If the existence of the nuisance is established upon the trial, a judgment shall be entered which shall perpetually enjoin the defendant and any other person from further maintaining the nuisance at the place complained of, and the defendant from maintaining such nuisance elsewhere. The entire expenses of such abatement, including attorneys' fees, shall be recoverable by the plaintiff as a part of his or her costs of the lawsuit.
If the complaint is filed by a person who is a citizen of the county, it shall not be dismissed except upon a sworn statement by the complainant and his or her attorney, setting forth the reason why the action should be dismissed and the dismissal approved by the prosecuting attorney in writing or in open court. If the judge is of the opinion that the action should not be dismissed, he or she may direct the prosecuting attorney to prosecute said action to judgment at the expense of the county, and if the action is continued for more than one term of court, any person who is a citizen of the county or has an office therein, or the attorney general, the prosecuting attorney, city attorney, or city prosecutor, may be substituted for the complainant and prosecute said action to judgment.
[ 2011 c 336 § 213; 1979 c 1 § 14 (Initiative Measure No. 335, approved November 8, 1977); ]
If the existence of a nuisance is admitted or established in an action as provided for in RCW 7.48.058 or in a criminal proceeding, an order of abatement shall be entered as a part of the judgment in the case, which order shall direct the removal from the place of all personal property and contents used in conducting the nuisance and not already released under authority of the court as provided for in RCW 7.48.066 and 7.48.068, and shall direct the sale of such thereof as belong to the defendants notified or appearing, in the manner provided for the sale of chattels under execution. Lewd matter shall be destroyed and shall not be sold.
Such judgment shall impose a penalty of three hundred dollars for the maintenance of such nuisance, which penalty shall be imposed against the person or persons found to have maintained the nuisance, and, in case any owner or agent of the building found to have had actual or constructive notice of the maintenance of such nuisance, against such owner or agent, and against the building kept or used for the purposes of maintaining a moral nuisance, which penalty shall be collected by execution as in civil actions, and when collected, shall be paid into the current expense fund of the county in which the judgment is had.
Such order shall also require the renewal for one year of any bond furnished by the owner of the real property, as provided in RCW 7.48.068 or, if not so furnished, shall continue for one year any closing order issued at the time of granting the temporary injunction, or, if no such closing order was then issued, shall include an order directing the effectual closing of the place against its use for any purpose and keeping it closed for a period of one year unless sooner released.
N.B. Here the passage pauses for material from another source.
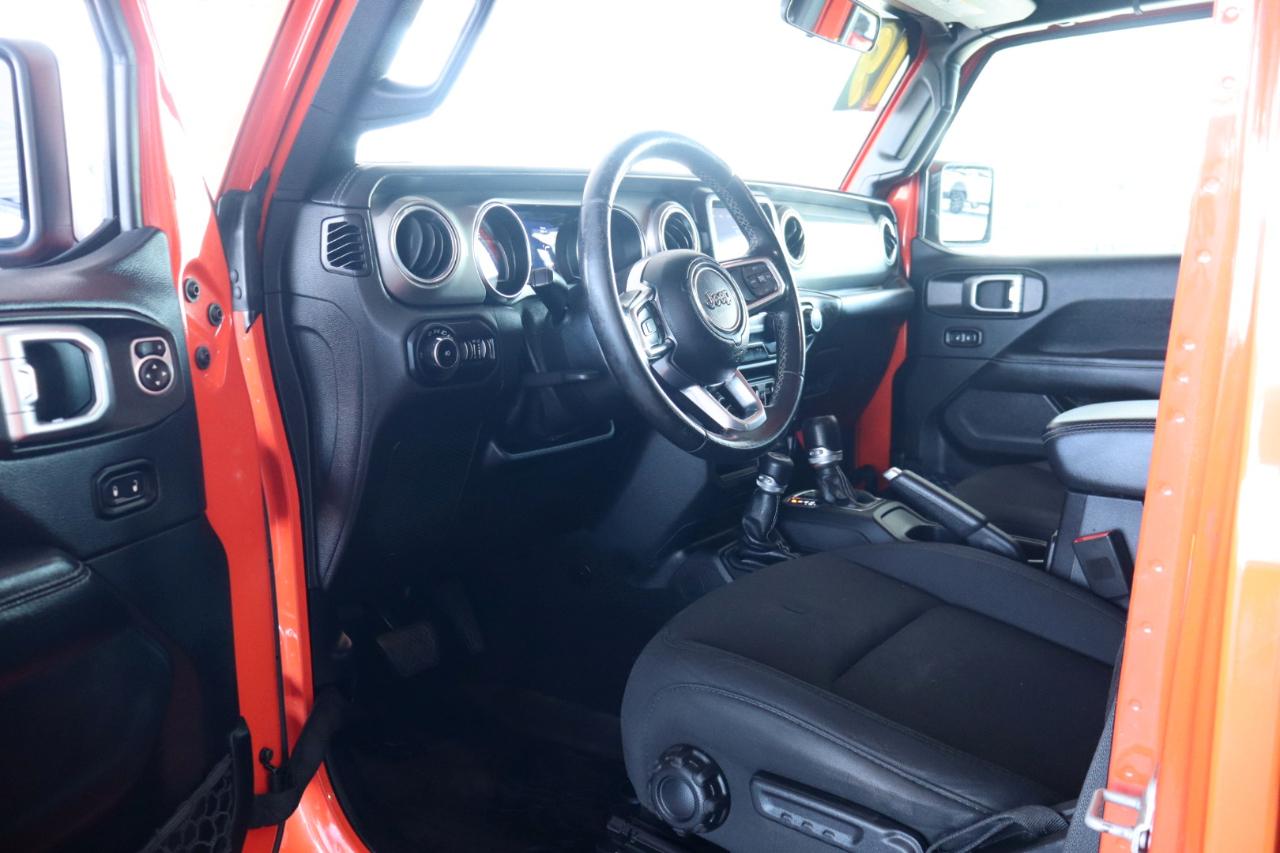 Jeep Wrangler Unlimited Sahara 4x4 2019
The owner of any place closed and not released under bond may then appear and obtain such release in the manner and upon fulfilling the requirements provided in RCW 7.48.068.
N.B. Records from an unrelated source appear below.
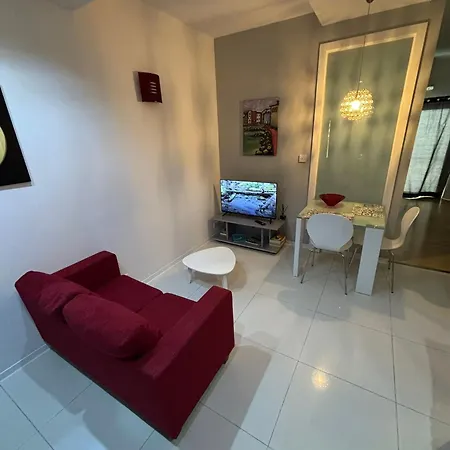 Апартаменты 1 Bedroom In St Julians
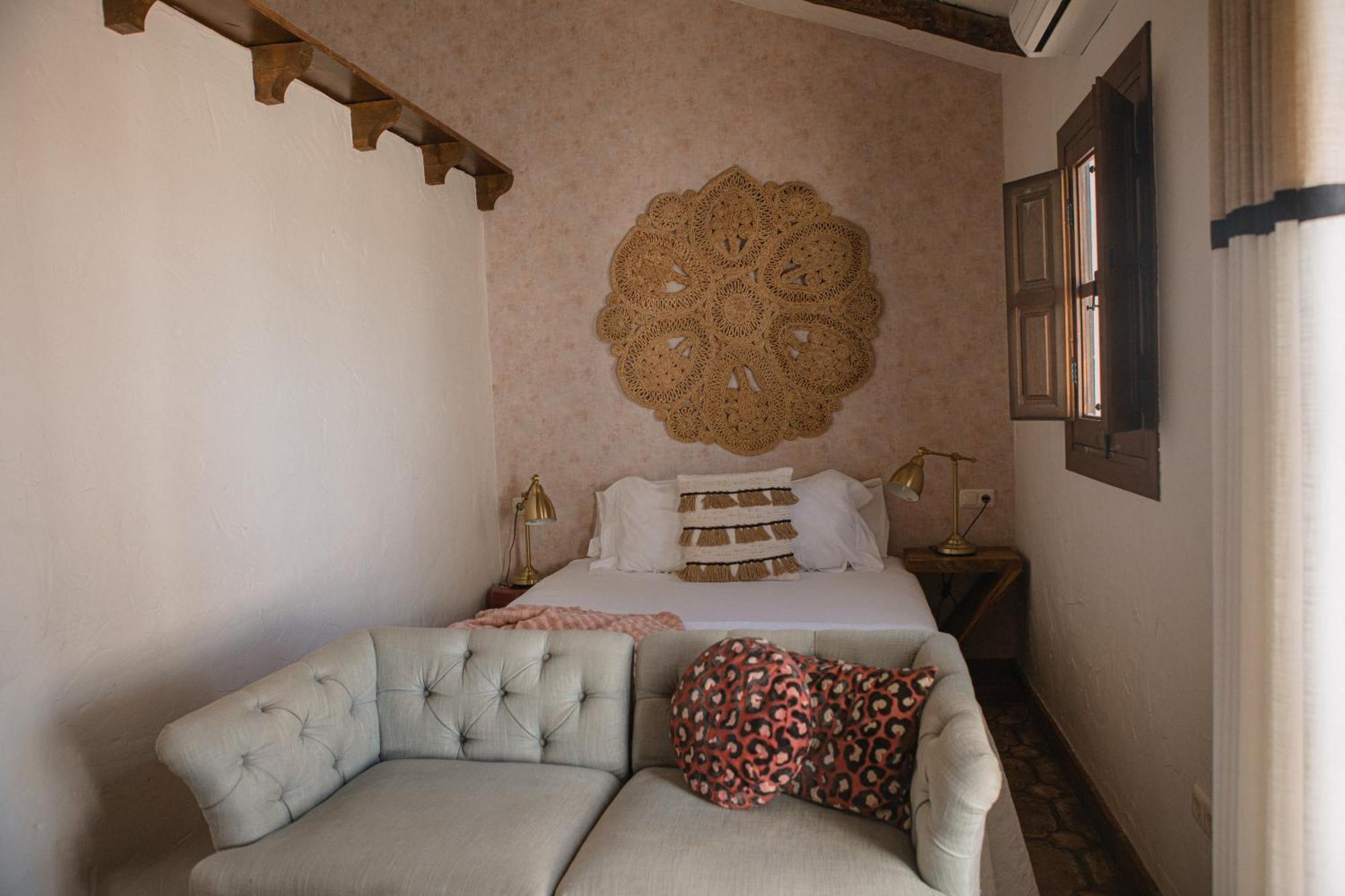 La Posada Morisca Frigiliana Exterior foto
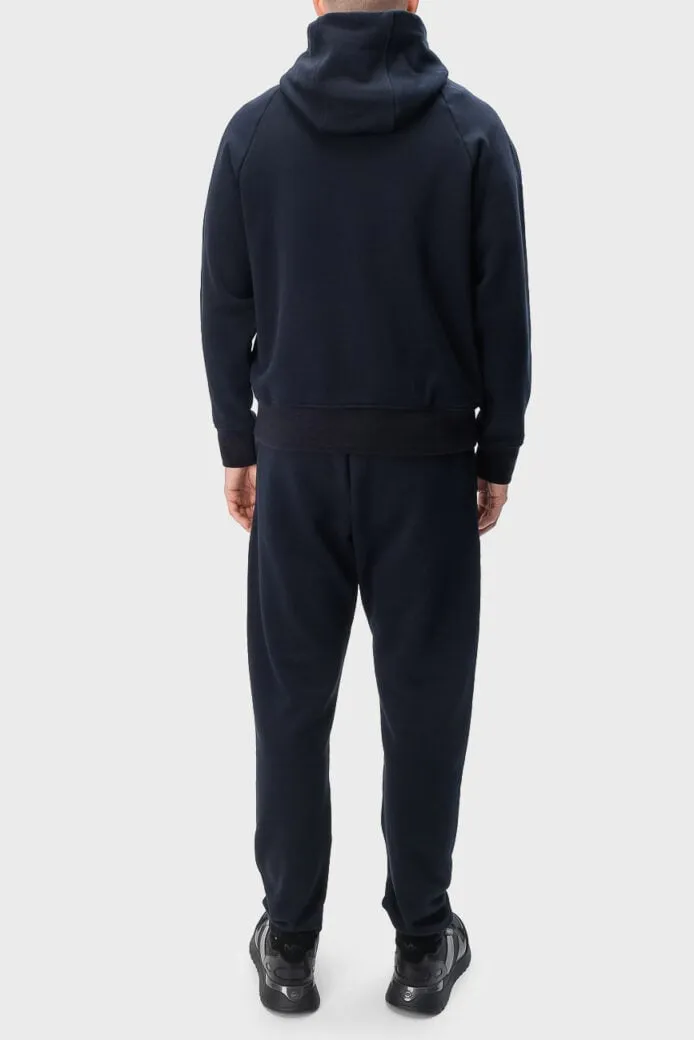 Logo Pattern Sweater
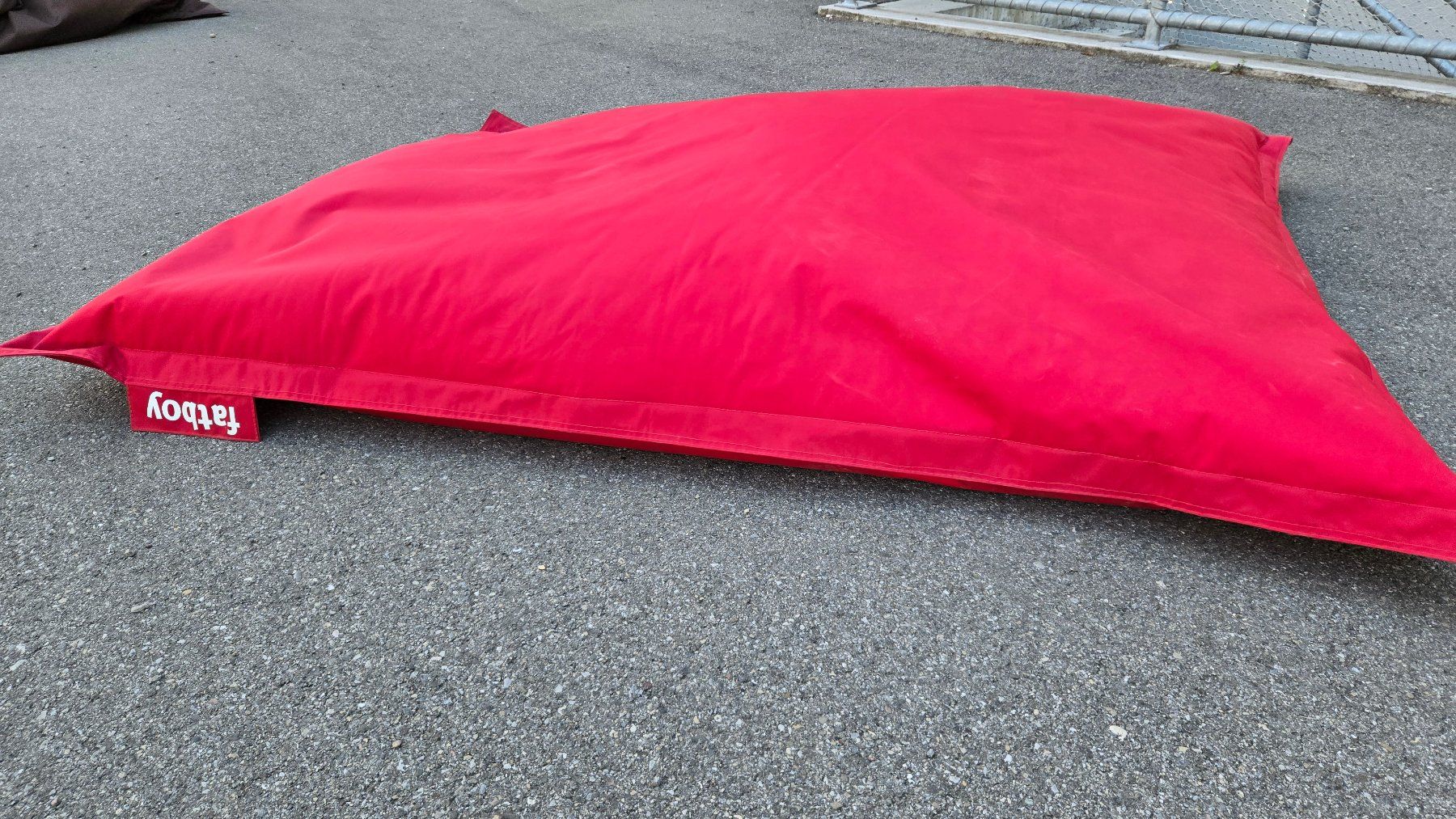 Fatboy Coussins: fatboy rot, original – D'occasion à Winterthur par meinweinkeller 1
Owners of unsold personal property and contents so seized must appear and claim the same within ten days after such order of abatement is made, and prove innocence to the satisfaction of the court of any knowledge of such use thereof, and that with reasonable care and diligence they could not have known thereof. If such innocence is established, such unsold personal property and contents shall be delivered to the owner, otherwise it shall be sold as provided in this section. For removing and selling the personal property and contents, the officer shall be entitled to charge and receive the same fees as he or she would for levying upon and selling like property on execution; and for closing the place and keeping it closed, a reasonable sum shall be allowed by the court.
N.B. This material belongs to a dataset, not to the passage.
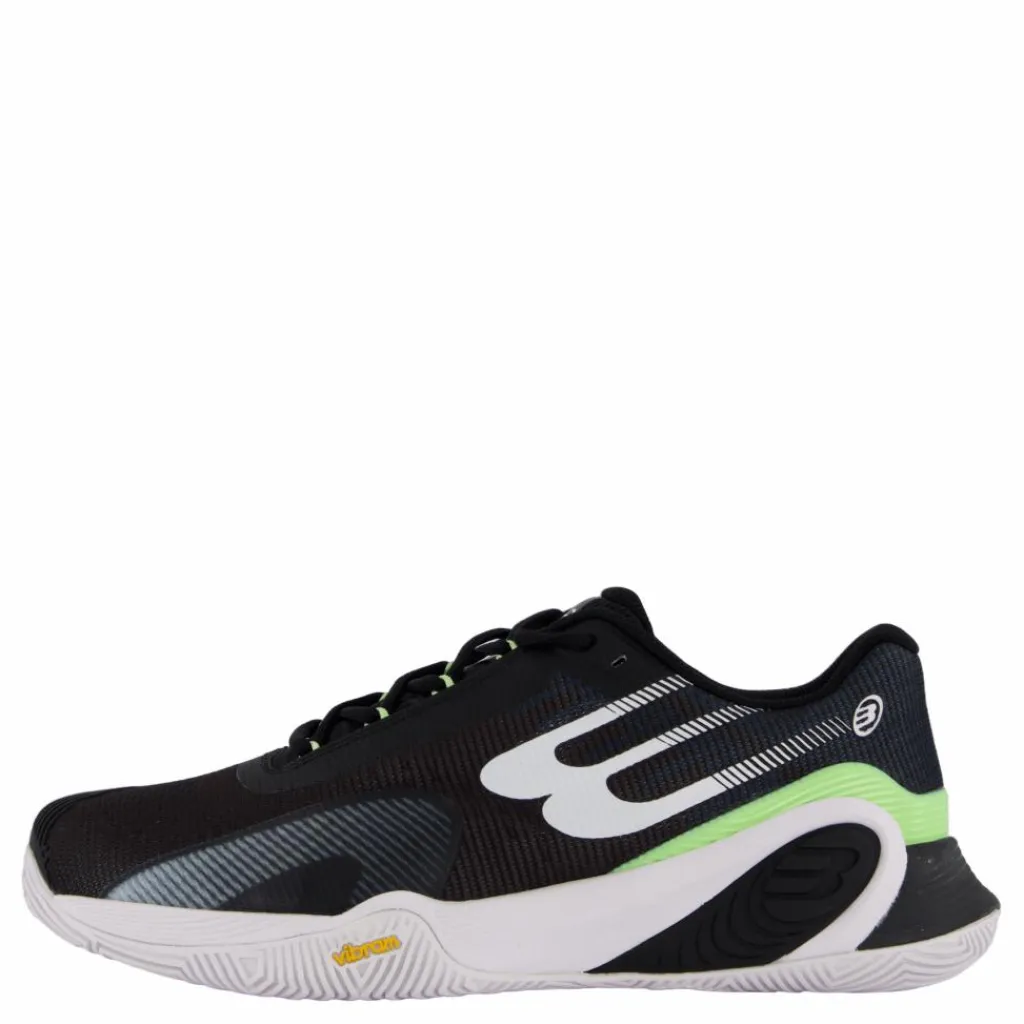 Hack Vibram 24i Black/green*Bullpadel Outlet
[ 2011 c 336 § 214; 1979 c 1 § 15 (Initiative Measure No. 335, approved November 8, 1977); ]
A violation of any injunction granted under RCW 7.48.050 through 7.48.100 is a contempt of court as provided in chapter 7.21 RCW.
[ 1989 c 373 § 11; 1979 c 1 § 16 (Initiative Measure No. 335, approved November 8, 1977); 1913 c 127 § 4; RRS § 946-4; ]
If a tenant or occupant of a building or tenement, under a lawful title, uses such place for the purposes of maintaining a moral nuisance, such use makes void at the option of the owner the lease or other title under which he or she holds, and without any act of the owner causes the right of possession to revert and vest in such owner, who may without process of law make immediate entry upon the premises.
[ 2011 c 336 § 215; 1979 c 1 § 17 (Initiative Measure No. 335, approved November 8, 1977); ]
Lewd matter is contraband, and there are no property rights therein. All personal property declared to be a moral nuisance in RCW 7.48.052 and 7.48.054 and all moneys and other consideration declared to be a moral nuisance under RCW 7.48.056 are the subject of forfeiture to the local government and are recoverable as damages in the county wherein such matter is sold, exhibited, or otherwise used. Such moneys may be traced to and shall be recoverable from persons who, under RCW 7.48.064, have knowledge of the nuisance at the time such moneys are received by them.
Upon judgment against the defendants in legal proceedings brought pursuant to RCW 7.48.050 through 7.48.100 as now or hereafter amended, an accounting shall be made by such defendant or defendants of all moneys received by them which have been declared to be a public nuisance under this section. An amount equal to the sum of all moneys estimated to have been taken in as gross income from such unlawful commercial activity shall be forfeited to the general funds of the city and county governments wherein such matter is sold or exhibited, to be shared equally, as a forfeiture of the fruits of an unlawful enterprise and as partial restitution for damages done to the public welfare, public health, and public morals.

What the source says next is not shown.